What to work on:
Please repeat, exactly as they stand, the line containing "Hey everyone, this" and the lines after it through the final line of the listing below, minus pictures.

The data:

____________

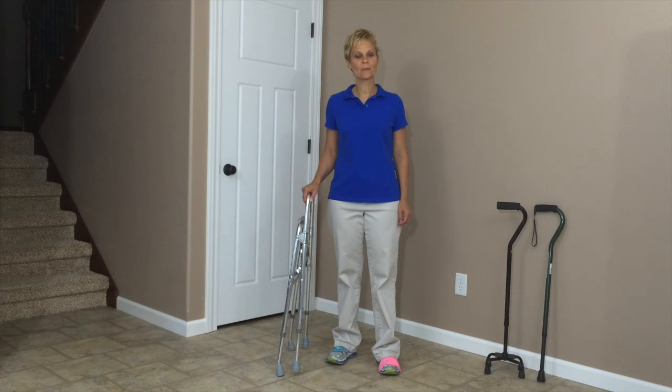Hi, Cindy here, Physical Therapist with Adaptive Equipment Corner. Today we are talking about HemiWalkers. We're going to talk about how to adjust them and how to walk with them.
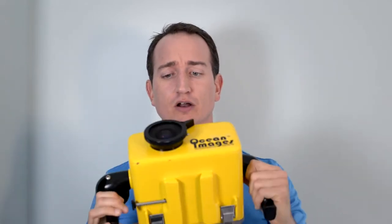Hey guys, Joe Kistel here, and today a few quick tips on getting started in underwater videography.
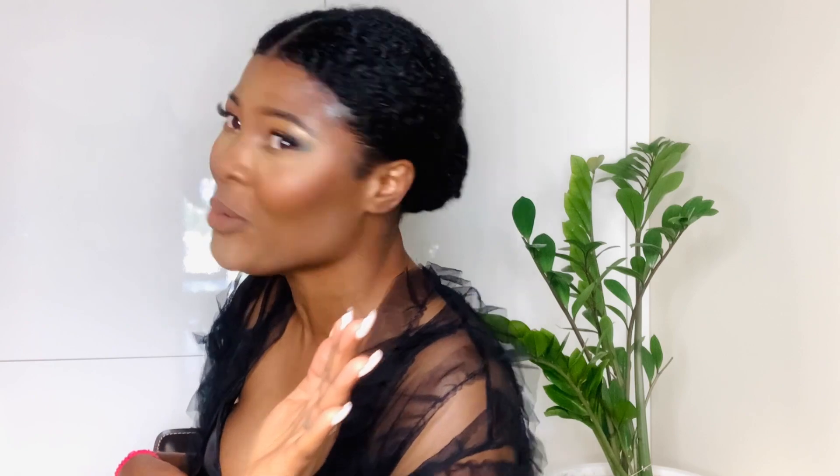The only thing I would advise about this fake bun: if you want to get this fake bun, you need the black one. I'm using the brown, so if your hair doesn't wrap all the way around the bun it will show. If you get the black, even if your hair isn't covering all the spaces, it won't show because it's black — especially if your hair is black. That's just my little advice. Let me put on my earring to complete the whole look.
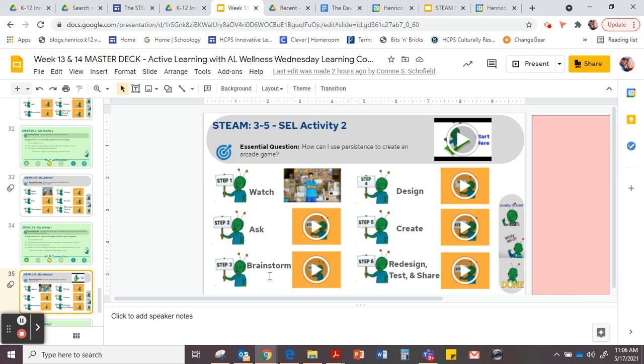Once we've asked you the question, I want you to head on over to step three where you're going to brainstorm ideas. You're going to see the ideas that we brainstorm. Then head to step number four.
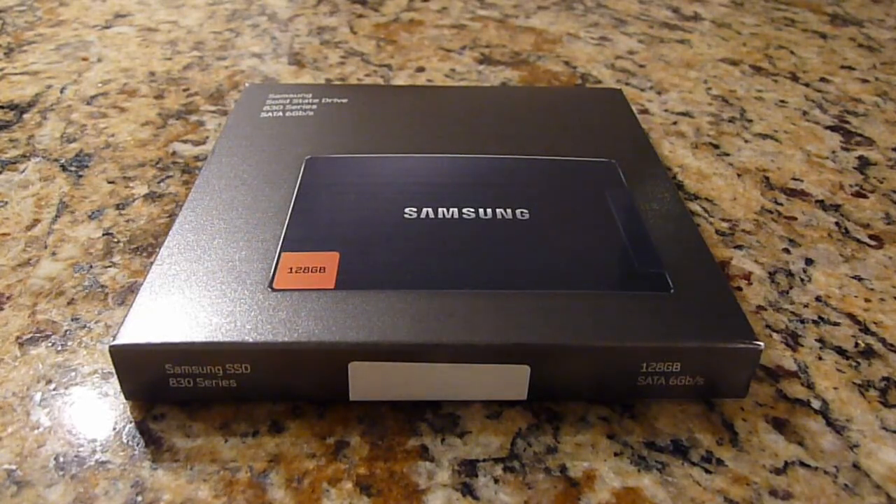Hey everyone, this is Jack here and today is the 25th of July. Mountain Lion has just been released and I'm downloading it on my laptop as we speak. In the meantime, I do want to do a few upgrades to my computer. I've been waiting for the new operating system to come out so I don't have to do redundant things such as reload the operating system twice.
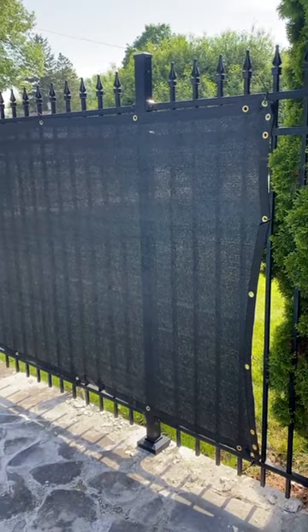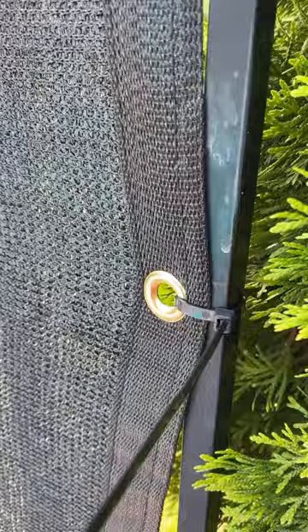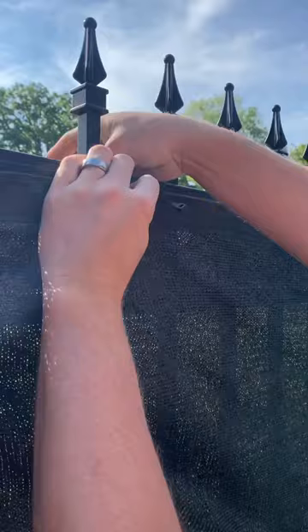Let's review this black fence privacy screen — this is the 5x50 size. It is a cover netting with a mesh fabric, and it's cloth. I got it to go around our pool and I'm really happy with it. It's not 100% blackout, but it completely does what I need it to do, which is to give us privacy so that people driving by can't just see us in the pool. The zip ties are included.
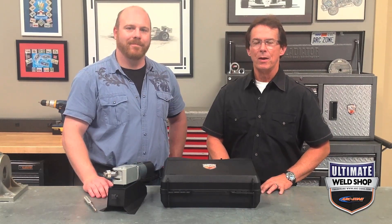Hey guys, Jim Watson aka Joe Welder. Welcome to ArcZone.com's Ultimate Weld Shot. I'm here today with Scott, who headed up our panel of experts that reviewed the tungsten electrode grinders. Today we wanted to cover the Nutrix handheld portable grinder. Scott, what do you got for us?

____________

Response to this exercise:
Hey everyone, this is Jack here and today is the 25th of July. Mountain Lion has just been released and I'm downloading it on my laptop as we speak. In the meantime, I do want to do a few upgrades to my computer. I've been waiting for the new operating system to come out so I don't have to do redundant things such as reload the operating system twice.
Let's review this black fence privacy screen — this is the 5x50 size. It is a cover netting with a mesh fabric, and it's cloth. I got it to go around our pool and I'm really happy with it. It's not 100% blackout, but it completely does what I need it to do, which is to give us privacy so that people driving by can't just see us in the pool. The zip ties are included.
Hey guys, Jim Watson aka Joe Welder. Welcome to ArcZone.com's Ultimate Weld Shot. I'm here today with Scott, who headed up our panel of experts that reviewed the tungsten electrode grinders. Today we wanted to cover the Nutrix handheld portable grinder. Scott, what do you got for us?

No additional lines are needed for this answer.